The Complaint
The Appellant submitted a Data Access Request ("DAR") Form to his former employer, a government department, pursuant to Section 18 of the Ordinance asking for copies of his appraisal reports. The government department provided copies of these reports to the Appellant but the names, post titles and signatures of those appraising officers, reviewing officers and countersigning officers had been obliterated. The Appellant was dissatisfied, as he was previously supplied with unedited copies of the reports free of charge at the performance appraisal interviews. He had lost these unedited reports, of which he was now in urgent need for seeking new jobs. He lodged a complaint with the Commissioner for the alleged failure to comply with his DAR.
Findings by Privacy Commissioner
The government department claimed that it was merely following guidelines issued by the Civil Service Bureau in complying with the DAR. It is not disputed that the content of the redacted reports are the same as those lost copies except that the names etc. of the officers are edited out.

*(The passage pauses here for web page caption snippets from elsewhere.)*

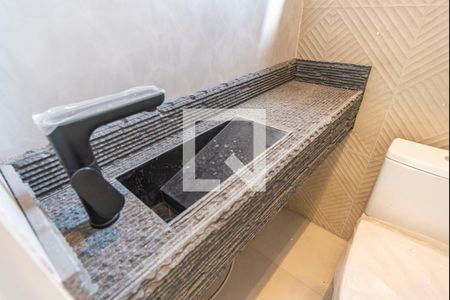 Lavabo de casa à venda com 2 quartos, 110m² em Jardim Santo Alberto, Santo André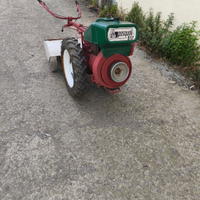 Motocoltivatore pasquali diesel 14 hp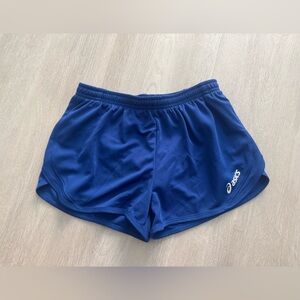 ASICS Women's Royal Blue Athletic Running Shorts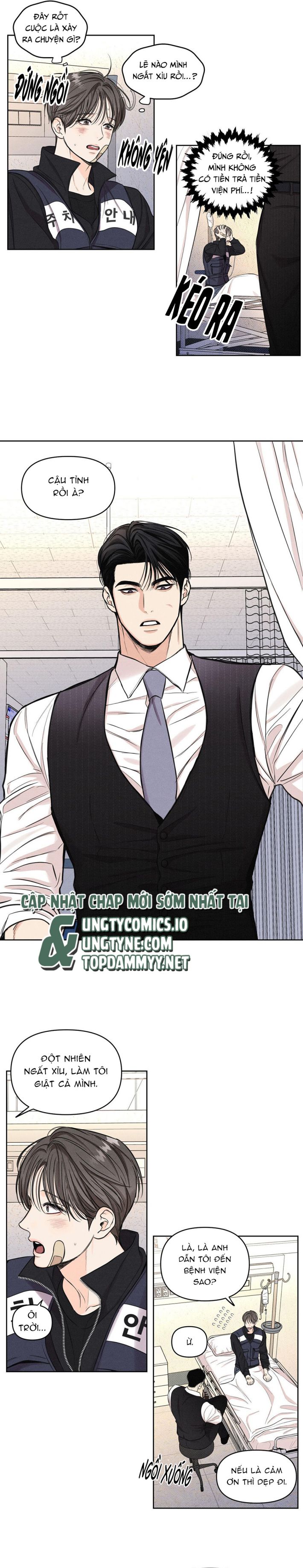 CÔNG VIỆC LÀM THÊM HÀNG NGÀY Chapter 6 - Next Chapter 7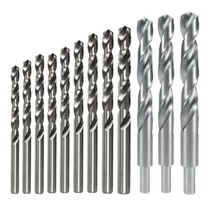 Comprar Jogo Kit 14 Brocas Aço Rapido 5mm Até 16mm 18mm E 20mm (14pç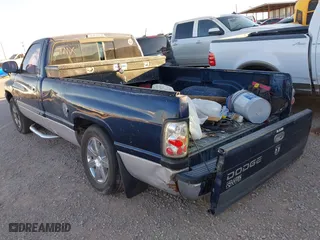 2000 Dodge Ram 1500 with VIN 1B7HC16Z5YS526954, listed as a IAAI auction lot 41627502 with 189,632 mi miles. Bid and sale history available at carsss.com. Image 3.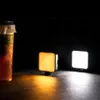 照明ビデオライブストリームライト2500K-6500K LEDランプのスマートフォンタブレットノートパソコンノートブックミニVLOG Fill Light for selfie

The Commissioner found that those names, post titles and signatures were not the personal data of the Appellant but were the personal data of the officers. The Commissioner cited in support Wu Kit Ping v. Administrative Appeals Board, HCAL No. 60 of 2007 ("WKP"), and formed the view that the DAR had been fully complied with and decided not to issue any enforcement notice.
The Appeal
The Appellant argued that the Commissioner wrongly applied the case of WKP. He sought to distinguish his case from WKP on three points :-
(i) In WKP the Applicant never had the documents she wanted access to, while the Appellant was once given and kept unedited copies of the appraisal reports.
(ii) In WKP the Applicant did not know the identity of the persons she wanted to complain against. It was different from the Appellant’s case that he knew very well who those officers were.

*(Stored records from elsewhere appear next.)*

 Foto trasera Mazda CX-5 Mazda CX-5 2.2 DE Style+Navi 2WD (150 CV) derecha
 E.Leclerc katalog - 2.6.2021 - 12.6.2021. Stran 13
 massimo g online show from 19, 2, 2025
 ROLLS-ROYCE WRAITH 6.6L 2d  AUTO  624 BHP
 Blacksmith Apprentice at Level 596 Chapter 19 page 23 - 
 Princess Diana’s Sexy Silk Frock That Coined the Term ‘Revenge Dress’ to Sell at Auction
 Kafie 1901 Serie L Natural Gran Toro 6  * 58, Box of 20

(iii) The appraising reports were important as the Appellant needed them for finding jobs. The redaction of particulars in the case of WKP was not important and it did not affect the investigation the Applicant was undertaking.
The AAB found that the legal principle to apply in the present case cannot be distinguished from WKP. In WKP, it was held that a data subject was only entitled to access his personal data and not to every document in which a reference was made of him. The AAB found that the redacted particulars of the officers can be legitimately redacted. Firstly, they are not personal data of the Appellant. The Appellant has no right of access to them under the Ordinance. Secondly, section 20(2)(b) applies as those are names and information explicitly identifies the officers. The AAB further expressed that the usefulness or otherwise of those reports is irrelevant to the issue whether the government department has complied with the DAR as none of his personal data had been withheld.
The AAB's Decision
The AAB upheld the Commissioner’s decision not to issue an enforcement notice and dismissed the appeal.